One Cabinet minister associated with the more outspoken end of the Eurosceptic market told me the PM is “fully aware” that the EU would have to believe the UK was willing to quit if the UK was to have any chance of getting a proper repatriation of powers and the sort of slimmed down membership people like Boris Johnson have been demanding. But, the Cabinet minister told me, David Cameron feels he can’t himself say it. He repeatedly says he wants Britain to stay in – to say the opposite would frighten businesses and maybe even some voters too.

Then there’s the alienation of other EU leaders we desperately need as allies in negotiations – one No. 10 aide complains that the UK it is constantly on its guard these days to avoid being cast as the scapegoat for Eurozone failure to agree at any summit. The threat to leave is the obvious strategic underpinning of the entire strategy but as far as the PM is concerned it is the threat that’s best not heard from him.

The PM’s aides, meanwhile, continue their search for plausible allies in the repatriation battle. The Dutch PM, Mark Rutte, spoke last week of the need for some powers to come back from Europe – the UK is trying to find out what he meant and whether it’s compatible with the social/employment/fisheries repatriation that gets talked about in No. 10 and elsewhere. No. 10 aides point at how the European Commission has acknowledged it can’t do everything and might have to slim down in some areas. The same aides point out how there has been some repatriation of fisheries powers already.

But there’s another conversation in government that goes well beyond that pretty ambitious menu: Cabinet ministers (not to mention countless other Tories elsewhere in the ranks) who talk about resenting just about every single rule of the single market, the product stipulations etc that Brussels sees as central to a fair and level table in trade. Those same Cabinet ministers speak for a school of Euro-scepticism that David Cameron would find hard to satisfy even if his own renegotiation went dreamily and without a hitch.

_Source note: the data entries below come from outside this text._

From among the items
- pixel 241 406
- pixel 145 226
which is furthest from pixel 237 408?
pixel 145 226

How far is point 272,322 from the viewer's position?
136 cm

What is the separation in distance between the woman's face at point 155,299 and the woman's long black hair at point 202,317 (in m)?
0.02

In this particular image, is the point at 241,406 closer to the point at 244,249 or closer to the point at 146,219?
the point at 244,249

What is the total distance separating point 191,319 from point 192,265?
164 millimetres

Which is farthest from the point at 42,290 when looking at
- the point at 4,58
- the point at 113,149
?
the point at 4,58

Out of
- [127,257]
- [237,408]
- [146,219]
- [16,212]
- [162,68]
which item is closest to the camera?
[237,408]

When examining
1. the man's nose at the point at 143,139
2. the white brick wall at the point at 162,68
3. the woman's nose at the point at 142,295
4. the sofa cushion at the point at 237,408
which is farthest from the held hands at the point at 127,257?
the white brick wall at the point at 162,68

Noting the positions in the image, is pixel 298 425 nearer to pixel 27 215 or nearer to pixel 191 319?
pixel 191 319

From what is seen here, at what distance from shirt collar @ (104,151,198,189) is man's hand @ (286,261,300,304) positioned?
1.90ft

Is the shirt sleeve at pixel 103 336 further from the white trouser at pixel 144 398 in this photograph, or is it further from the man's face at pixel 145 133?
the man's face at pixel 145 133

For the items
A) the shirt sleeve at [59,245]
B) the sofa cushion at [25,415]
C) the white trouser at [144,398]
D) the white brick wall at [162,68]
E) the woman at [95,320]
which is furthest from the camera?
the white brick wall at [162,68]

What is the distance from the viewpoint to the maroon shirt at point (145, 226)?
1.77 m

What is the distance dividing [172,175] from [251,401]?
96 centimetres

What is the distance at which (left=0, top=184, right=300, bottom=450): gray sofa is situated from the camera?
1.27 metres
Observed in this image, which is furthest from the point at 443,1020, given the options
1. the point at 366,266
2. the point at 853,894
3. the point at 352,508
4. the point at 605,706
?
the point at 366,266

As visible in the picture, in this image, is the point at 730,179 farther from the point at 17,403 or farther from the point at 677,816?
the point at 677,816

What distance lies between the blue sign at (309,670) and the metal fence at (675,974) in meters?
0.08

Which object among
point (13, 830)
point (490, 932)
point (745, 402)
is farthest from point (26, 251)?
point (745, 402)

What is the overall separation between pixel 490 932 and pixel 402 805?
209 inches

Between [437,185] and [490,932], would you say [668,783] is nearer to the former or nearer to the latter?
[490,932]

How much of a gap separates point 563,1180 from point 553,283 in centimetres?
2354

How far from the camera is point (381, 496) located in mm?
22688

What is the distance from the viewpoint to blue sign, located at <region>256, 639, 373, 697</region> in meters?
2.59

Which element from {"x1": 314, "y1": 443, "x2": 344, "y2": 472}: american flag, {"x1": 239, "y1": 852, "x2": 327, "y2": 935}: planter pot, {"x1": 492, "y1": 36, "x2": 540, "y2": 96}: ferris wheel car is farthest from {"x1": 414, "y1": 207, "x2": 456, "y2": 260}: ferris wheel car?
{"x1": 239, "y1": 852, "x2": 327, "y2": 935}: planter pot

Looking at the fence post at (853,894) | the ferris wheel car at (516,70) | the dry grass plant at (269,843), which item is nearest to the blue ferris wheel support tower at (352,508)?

This school of Euro-scepticism isn’t going to roll over, will be fired up by the months of EU-chat ahead and in the second half of 2014, when the EU could be absorbed in Eurozone intensification, you have a potential perfect storm of mis-matched expectations and EU anxiety in the run-up to a 2015 general election. All that and businesses jumping about complaining about uncertainty over the UK’s position in Europe. David Cameron worries about unleashing forces he cannot control with the much-delayed speech, and you can’t blame him. But it was his idea.